• How to complete this task:
Lower down are entries containing pictures. Copy exactly, without those pictures, the lines from the line with "ARTISTIC ROMAN BRONZE" through the line with "a bedroom with".
--- Input data ---
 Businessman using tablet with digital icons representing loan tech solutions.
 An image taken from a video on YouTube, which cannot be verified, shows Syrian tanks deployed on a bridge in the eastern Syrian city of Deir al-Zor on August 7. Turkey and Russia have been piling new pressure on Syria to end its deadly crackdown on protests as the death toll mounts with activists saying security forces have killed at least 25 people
---
--- Input data ---
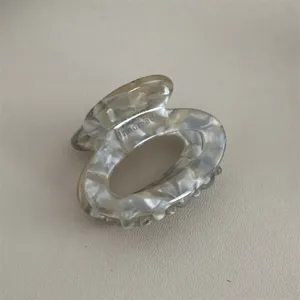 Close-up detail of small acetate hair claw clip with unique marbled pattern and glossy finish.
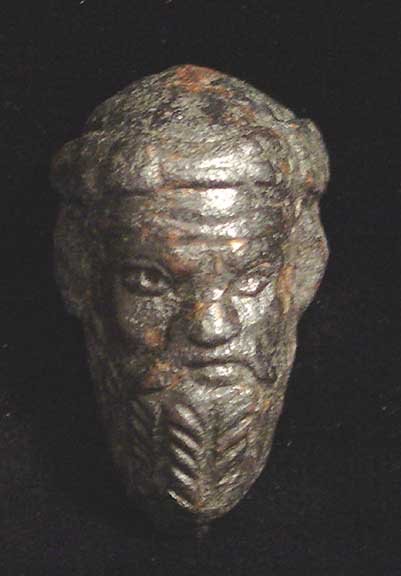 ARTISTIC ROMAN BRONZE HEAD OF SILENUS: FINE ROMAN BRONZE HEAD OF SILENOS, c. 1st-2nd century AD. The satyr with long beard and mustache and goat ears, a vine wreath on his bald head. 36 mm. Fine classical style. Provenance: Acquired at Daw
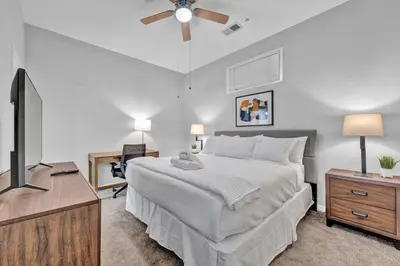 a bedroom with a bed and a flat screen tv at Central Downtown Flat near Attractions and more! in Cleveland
---
• Output:
 ARTISTIC ROMAN BRONZE HEAD OF SILENUS: FINE ROMAN BRONZE HEAD OF SILENOS, c. 1st-2nd century AD. The satyr with long beard and mustache and goat ears, a vine wreath on his bald head. 36 mm. Fine classical style. Provenance: Acquired at Daw
 a bedroom with a bed and a flat screen tv at Central Downtown Flat near Attractions and more! in Cleveland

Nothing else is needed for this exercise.